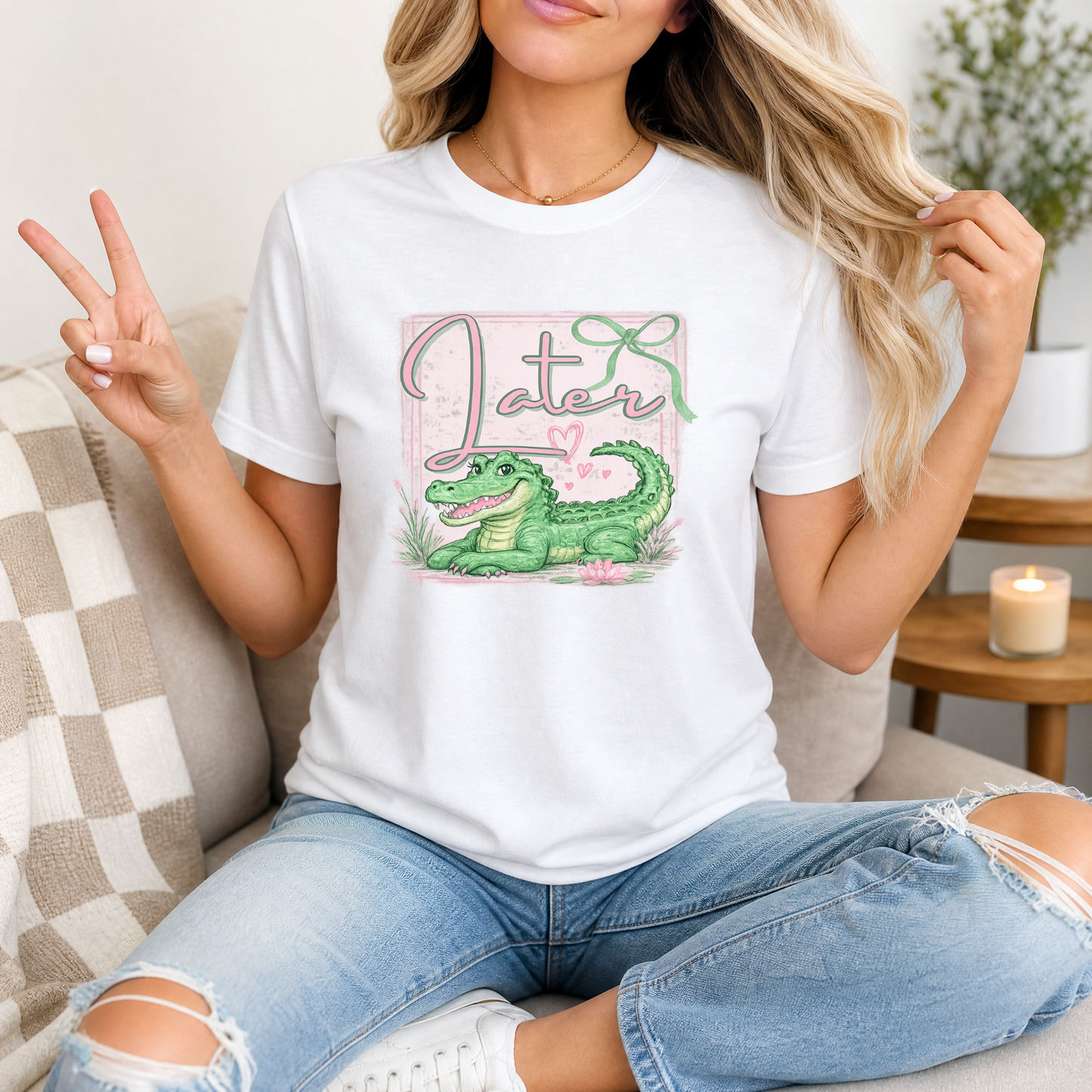Precious Later Gator Girly Premium Graphic Tee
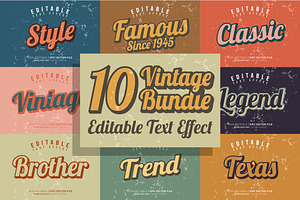 10 Vintage Editable Text Effect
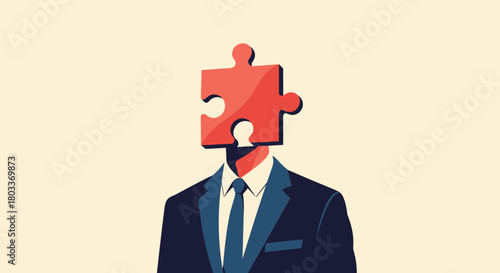 Business puzzle concept for achieving goals, team success and strategic solutions, a creative illustration of a person with a puzzle piece for a head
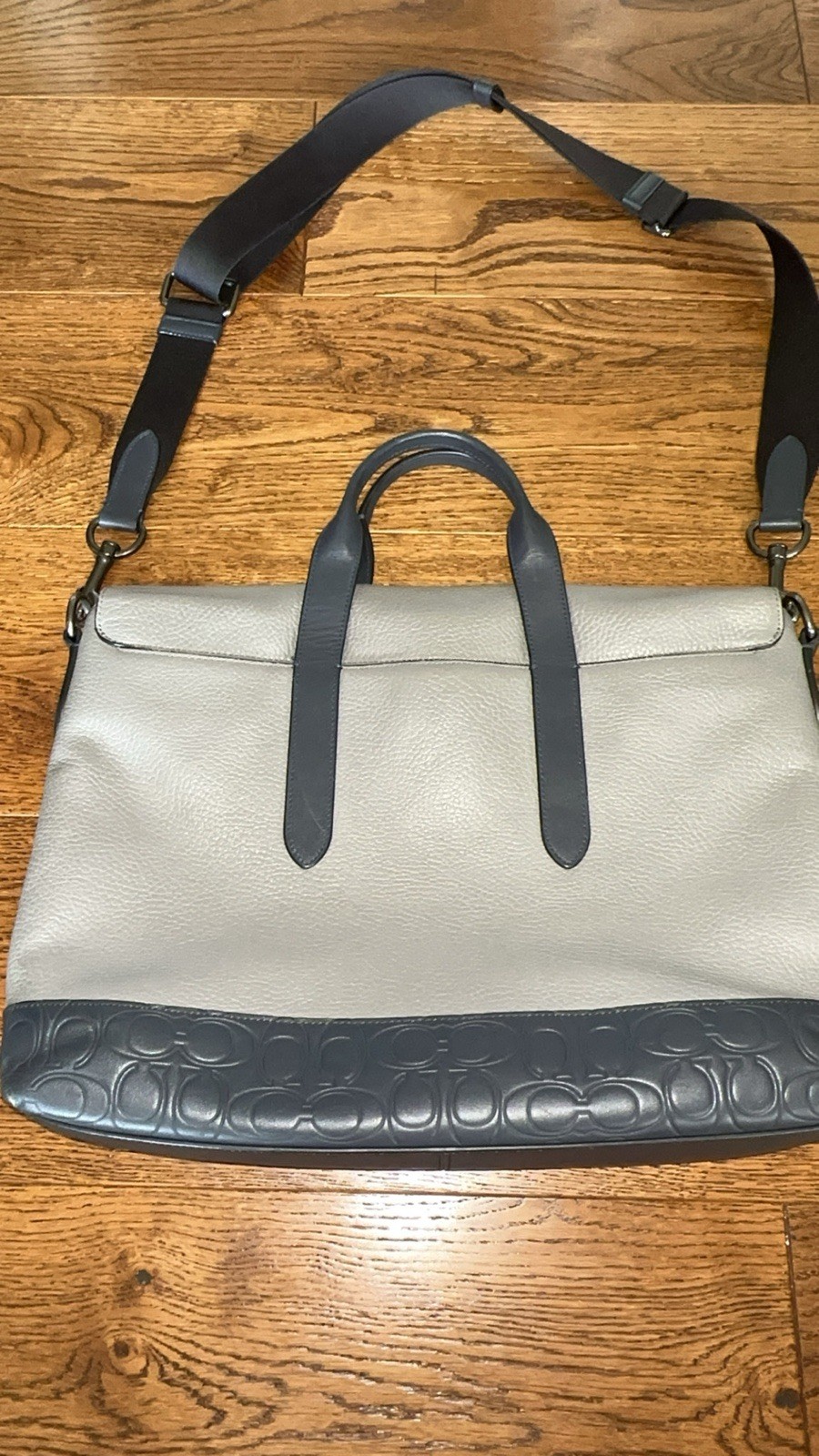 Coach Metropolitan Portfolio Briefcase Bag Gray Blue Navy Pebbled Leather $595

#### [Directions]
Every line from the one holding "10 Vintage Editable Text Effect" through the final line of the data above is to be reproduced exactly, both ends included, with the pictures left out.

#### [Task solution]
 10 Vintage Editable Text Effect
 Business puzzle concept for achieving goals, team success and strategic solutions, a creative illustration of a person with a puzzle piece for a head
 Coach Metropolitan Portfolio Briefcase Bag Gray Blue Navy Pebbled Leather $595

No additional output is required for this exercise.